Whatever you feel about horror or cosmic horror, you can never realty accuse director Zach Donohue of being unambitious. “The Unknowable” is a richly constructed horror film that takes influence from sub-genres like lo-fi horror and true crime documentaries for one of the more unnerving horror films I’ve seen in a while. Its H.P. Lovecraft meets Justin Benson and Aaron Moorhead, with a touch of David Cronenberg for good measure.
“The Unknowable” is a faux-True Crime horror documentary about the Wilcox family, who moved to a remote property in the Mojave Desert in 1948, compelled by visions of a strange alien species. The family spent the year attempting to make contact — but in that time, would draw the unwanted attention of other more malevolent and unspeakable forces, becoming the subjects of the most disturbing unsolved mystery the world we live in would never know… until now.
One of the shining elements of “The Unknowable” is director Donohue is able to compensate for the inherent lack of budget with the great use of public domain footage. Ace editing and some great use of stock footage allow Donohue to build his scary tale that is at its root a tale about pure evil being realized. Donohue films his production through a black and white, grainy lens, and doesn’t feature a single speaking role. Instead the majority if the production is enthusiastically narrated by Kevin Swamstrom who often sounds like Robert Stack a la “Unsolved Mysteries.”

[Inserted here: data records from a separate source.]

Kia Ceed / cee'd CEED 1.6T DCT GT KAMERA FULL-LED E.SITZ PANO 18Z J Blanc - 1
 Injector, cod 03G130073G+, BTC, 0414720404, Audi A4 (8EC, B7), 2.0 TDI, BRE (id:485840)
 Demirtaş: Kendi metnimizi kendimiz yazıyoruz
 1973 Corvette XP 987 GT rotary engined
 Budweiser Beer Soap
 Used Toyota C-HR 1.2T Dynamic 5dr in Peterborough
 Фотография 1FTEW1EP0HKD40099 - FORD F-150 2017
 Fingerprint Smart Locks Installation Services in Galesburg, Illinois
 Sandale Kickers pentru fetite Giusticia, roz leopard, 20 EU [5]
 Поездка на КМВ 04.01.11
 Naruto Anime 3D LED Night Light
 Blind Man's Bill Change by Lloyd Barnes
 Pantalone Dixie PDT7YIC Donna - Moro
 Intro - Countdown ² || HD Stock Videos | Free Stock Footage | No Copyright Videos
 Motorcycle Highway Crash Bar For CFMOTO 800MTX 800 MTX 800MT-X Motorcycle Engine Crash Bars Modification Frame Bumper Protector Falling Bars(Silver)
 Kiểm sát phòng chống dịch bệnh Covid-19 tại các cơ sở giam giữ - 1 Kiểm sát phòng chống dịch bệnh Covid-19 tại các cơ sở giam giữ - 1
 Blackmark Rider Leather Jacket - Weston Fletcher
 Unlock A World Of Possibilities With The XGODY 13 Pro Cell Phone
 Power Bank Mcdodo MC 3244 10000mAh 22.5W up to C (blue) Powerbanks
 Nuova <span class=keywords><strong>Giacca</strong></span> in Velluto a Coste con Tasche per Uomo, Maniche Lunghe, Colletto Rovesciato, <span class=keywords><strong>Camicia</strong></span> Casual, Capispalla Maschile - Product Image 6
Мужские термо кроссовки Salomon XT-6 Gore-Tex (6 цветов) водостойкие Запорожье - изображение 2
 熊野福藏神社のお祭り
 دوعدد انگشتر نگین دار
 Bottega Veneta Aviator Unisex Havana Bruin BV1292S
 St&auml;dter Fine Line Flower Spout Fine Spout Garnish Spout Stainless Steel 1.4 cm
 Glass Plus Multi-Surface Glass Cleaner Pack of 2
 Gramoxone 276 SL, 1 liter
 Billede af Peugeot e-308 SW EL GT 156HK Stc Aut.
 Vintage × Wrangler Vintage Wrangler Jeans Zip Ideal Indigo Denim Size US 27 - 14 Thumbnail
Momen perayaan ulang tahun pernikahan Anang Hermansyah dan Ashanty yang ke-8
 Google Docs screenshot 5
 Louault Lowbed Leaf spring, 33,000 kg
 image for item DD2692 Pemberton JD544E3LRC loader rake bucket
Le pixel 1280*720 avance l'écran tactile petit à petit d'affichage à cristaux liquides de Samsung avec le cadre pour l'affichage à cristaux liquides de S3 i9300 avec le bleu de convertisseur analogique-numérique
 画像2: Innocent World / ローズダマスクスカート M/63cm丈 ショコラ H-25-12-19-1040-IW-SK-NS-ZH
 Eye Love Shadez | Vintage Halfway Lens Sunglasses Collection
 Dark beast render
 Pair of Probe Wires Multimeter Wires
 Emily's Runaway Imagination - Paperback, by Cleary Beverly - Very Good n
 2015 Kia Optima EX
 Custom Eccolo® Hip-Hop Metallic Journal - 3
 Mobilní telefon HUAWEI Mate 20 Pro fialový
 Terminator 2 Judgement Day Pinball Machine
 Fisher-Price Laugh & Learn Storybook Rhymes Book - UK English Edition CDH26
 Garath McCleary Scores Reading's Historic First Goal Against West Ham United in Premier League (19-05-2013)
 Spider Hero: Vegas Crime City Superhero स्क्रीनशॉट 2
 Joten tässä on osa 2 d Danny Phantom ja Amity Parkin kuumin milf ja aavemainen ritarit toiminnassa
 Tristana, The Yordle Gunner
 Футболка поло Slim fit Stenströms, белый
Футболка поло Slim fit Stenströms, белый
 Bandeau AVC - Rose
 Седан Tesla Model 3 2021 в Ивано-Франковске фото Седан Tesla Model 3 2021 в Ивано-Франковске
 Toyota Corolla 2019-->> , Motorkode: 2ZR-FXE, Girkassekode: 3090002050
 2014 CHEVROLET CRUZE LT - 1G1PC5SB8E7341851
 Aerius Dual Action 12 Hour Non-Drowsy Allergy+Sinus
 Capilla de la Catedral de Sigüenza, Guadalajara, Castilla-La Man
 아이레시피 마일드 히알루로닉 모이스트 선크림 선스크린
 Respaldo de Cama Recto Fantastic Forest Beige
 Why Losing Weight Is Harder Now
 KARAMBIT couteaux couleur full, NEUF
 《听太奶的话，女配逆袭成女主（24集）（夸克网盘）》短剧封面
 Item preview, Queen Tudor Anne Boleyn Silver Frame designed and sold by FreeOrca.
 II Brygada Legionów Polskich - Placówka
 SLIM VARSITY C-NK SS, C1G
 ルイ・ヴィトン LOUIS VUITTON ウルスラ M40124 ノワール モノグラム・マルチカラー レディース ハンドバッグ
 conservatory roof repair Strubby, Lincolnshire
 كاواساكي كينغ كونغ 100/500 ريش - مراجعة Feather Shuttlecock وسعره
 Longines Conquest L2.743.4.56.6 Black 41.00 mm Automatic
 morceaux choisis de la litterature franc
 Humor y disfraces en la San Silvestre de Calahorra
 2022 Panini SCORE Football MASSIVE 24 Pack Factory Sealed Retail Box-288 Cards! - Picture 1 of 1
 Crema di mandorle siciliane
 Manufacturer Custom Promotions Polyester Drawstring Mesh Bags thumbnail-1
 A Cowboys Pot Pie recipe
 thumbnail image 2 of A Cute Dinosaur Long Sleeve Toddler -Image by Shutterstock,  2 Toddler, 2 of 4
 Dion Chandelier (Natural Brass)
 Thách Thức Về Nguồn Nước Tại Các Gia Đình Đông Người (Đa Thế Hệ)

A lot of the story of the Wilcox family is teeming with supernatural and occult themes, and it might tickle the fancy of folks that love horror hybrids. Donohue is able to utilize his footage very well, emphasizing the inherent lunacy of the events that unfold. I am usually not a fan of public domain footage, but director Donohue does a bang up job using them as tools to punctuate the sheer horror working as a backdrop for these characters. “The Unknowable” was originally presented as a ten chapter series online, but it works very well as a multi-chapter horror film. I’m glad Zach Donohue is releasing it as a feature, because it’s a unique and creepy genre entry that deserves an audience.